Have you looked into rockler Dave? 
http://woodworking.rockler.com/search?ts=m&sli_uuid=&sli_sid=&w=Pizza+cutter+kits


----------



## Shop Dad (May 3, 2011)

Well hope you don't mind posting to your thread Robert but here's my contribution. 

First ice cream scoop for me. Mystery wood. Mylons friction finish. Tried to do a ball/finial inspired by Mike. Clearly need some practice but what the heck. LOML was impressed and that's what matters. Need to start cranking them out though!


----------



## robert421960 (Dec 9, 2010)

looks good shop dad
did you glue it in the handle?
mike did you?
the pizza cutter was nice having an insert but these just had a screw so i glued it into the wood with epoxy


----------



## Shop Dad (May 3, 2011)

Yes, I used epoxy. I only had a 3/8" bit so it slid right in and needed to be glued. I picked up a slightly smaller bit to try on the next one so there is some mechanical hold.


----------



## Dave Paine (May 30, 2012)

Shop Dad said:


> First ice cream scoop for me. Mystery wood. Mylons friction finish. Tried to do a ball/finial inspired by Mike. Clearly need some practice but what the heck. LOML was impressed and that's what matters. Need to start cranking them out though!
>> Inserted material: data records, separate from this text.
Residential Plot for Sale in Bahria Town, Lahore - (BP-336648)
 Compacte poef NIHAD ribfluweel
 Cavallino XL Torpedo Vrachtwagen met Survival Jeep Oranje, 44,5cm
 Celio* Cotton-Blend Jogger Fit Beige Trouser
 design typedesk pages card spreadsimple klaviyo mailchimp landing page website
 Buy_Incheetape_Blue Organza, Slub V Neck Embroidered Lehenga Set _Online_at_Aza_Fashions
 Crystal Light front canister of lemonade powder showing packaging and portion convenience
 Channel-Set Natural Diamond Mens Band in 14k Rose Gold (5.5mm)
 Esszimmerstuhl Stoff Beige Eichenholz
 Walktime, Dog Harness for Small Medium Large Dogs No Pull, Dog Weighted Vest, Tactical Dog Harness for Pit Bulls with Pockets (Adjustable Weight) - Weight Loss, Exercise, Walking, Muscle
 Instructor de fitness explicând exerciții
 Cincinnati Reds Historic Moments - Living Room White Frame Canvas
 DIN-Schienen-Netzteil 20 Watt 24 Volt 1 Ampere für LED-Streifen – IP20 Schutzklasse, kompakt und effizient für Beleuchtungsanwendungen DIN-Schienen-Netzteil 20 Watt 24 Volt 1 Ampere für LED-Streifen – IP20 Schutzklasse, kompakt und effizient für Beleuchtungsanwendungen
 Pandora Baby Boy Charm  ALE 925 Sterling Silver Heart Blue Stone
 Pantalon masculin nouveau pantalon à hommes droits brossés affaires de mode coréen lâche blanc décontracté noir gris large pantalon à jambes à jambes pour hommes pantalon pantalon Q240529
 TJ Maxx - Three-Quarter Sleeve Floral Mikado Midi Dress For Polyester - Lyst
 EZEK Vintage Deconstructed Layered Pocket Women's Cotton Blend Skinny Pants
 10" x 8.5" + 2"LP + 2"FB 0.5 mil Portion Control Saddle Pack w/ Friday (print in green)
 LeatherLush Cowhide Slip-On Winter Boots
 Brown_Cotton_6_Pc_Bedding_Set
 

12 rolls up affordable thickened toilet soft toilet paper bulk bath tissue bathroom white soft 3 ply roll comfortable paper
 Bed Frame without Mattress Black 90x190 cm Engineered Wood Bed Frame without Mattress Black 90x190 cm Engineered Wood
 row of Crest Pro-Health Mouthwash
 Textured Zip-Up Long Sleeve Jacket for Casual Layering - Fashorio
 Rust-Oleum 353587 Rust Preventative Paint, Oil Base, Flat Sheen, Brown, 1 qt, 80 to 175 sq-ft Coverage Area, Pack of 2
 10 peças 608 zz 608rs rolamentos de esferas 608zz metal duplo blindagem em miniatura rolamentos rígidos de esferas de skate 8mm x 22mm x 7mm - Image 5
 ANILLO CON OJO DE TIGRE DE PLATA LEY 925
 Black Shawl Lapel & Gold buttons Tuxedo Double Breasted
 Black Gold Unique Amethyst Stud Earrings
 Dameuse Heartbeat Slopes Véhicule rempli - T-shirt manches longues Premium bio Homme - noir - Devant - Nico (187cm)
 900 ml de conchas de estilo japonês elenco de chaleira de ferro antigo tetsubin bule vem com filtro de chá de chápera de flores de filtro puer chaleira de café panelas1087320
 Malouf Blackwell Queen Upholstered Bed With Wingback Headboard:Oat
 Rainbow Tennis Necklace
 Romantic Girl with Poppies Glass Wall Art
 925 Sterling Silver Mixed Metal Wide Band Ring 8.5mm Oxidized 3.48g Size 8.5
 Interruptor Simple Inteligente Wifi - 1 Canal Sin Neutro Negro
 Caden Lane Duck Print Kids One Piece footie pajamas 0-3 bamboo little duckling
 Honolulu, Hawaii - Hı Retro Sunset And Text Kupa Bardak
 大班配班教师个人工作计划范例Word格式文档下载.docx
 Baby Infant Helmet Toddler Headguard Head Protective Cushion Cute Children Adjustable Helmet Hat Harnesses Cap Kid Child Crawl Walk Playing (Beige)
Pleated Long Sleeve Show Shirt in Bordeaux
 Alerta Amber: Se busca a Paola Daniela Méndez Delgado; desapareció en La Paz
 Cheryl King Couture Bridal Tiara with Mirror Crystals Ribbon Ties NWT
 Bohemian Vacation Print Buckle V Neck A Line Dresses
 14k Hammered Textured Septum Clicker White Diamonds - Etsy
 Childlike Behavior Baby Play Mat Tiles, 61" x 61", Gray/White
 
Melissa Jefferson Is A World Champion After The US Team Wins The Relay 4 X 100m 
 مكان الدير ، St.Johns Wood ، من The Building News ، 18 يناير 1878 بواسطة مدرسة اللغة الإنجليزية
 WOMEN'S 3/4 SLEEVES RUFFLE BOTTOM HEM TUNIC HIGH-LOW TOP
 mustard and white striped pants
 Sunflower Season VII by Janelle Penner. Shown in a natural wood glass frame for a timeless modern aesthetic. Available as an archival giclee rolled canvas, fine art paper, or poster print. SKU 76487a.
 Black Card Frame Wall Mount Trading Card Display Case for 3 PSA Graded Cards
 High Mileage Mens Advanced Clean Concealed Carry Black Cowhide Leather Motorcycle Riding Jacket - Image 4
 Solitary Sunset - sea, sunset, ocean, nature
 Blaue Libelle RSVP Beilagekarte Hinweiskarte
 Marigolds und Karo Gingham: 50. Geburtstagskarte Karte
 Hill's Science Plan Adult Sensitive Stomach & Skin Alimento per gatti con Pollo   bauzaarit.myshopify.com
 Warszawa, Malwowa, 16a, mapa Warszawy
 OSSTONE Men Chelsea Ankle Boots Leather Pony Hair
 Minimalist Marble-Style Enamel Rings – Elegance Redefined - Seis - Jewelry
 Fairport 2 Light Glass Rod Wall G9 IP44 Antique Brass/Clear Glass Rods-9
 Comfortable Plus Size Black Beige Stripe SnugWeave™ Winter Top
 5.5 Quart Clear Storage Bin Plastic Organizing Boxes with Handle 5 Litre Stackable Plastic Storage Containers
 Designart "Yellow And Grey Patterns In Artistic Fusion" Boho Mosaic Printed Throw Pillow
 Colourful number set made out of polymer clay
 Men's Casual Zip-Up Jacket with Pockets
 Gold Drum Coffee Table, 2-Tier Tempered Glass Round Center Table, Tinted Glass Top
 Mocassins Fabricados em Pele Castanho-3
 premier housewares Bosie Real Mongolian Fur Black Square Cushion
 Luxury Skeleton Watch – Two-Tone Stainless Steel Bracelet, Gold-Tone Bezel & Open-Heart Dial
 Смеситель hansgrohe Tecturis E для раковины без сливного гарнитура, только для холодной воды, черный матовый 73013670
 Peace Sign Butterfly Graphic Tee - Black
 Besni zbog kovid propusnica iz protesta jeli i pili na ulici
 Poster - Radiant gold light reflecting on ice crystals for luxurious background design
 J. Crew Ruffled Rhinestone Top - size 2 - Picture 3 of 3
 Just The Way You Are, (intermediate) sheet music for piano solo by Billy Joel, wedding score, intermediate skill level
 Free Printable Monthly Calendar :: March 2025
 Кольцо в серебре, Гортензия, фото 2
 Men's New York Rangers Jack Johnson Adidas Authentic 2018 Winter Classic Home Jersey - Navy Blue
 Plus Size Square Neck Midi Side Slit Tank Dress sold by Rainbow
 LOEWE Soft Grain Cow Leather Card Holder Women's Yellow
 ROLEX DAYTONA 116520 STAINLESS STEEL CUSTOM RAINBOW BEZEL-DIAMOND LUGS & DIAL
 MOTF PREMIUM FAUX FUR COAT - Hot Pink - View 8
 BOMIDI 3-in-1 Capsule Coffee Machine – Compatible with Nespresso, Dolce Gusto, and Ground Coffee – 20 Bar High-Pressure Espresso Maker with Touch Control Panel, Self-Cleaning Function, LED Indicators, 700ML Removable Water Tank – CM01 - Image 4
Nice handle. I like the clean lines and the slight radius at the connection with the scoop. :thumbsup:

One down, more to go. :laughing:


----------



## robert421960 (Dec 9, 2010)

Shop Dad said:


> Yes, I used epoxy. I only had a 3/8" bit so it slid right in and needed to be glued. I picked up a slightly smaller bit to try on the next one so there is some mechanical hold.


i did the same and i think the epoxy will hold it fine


----------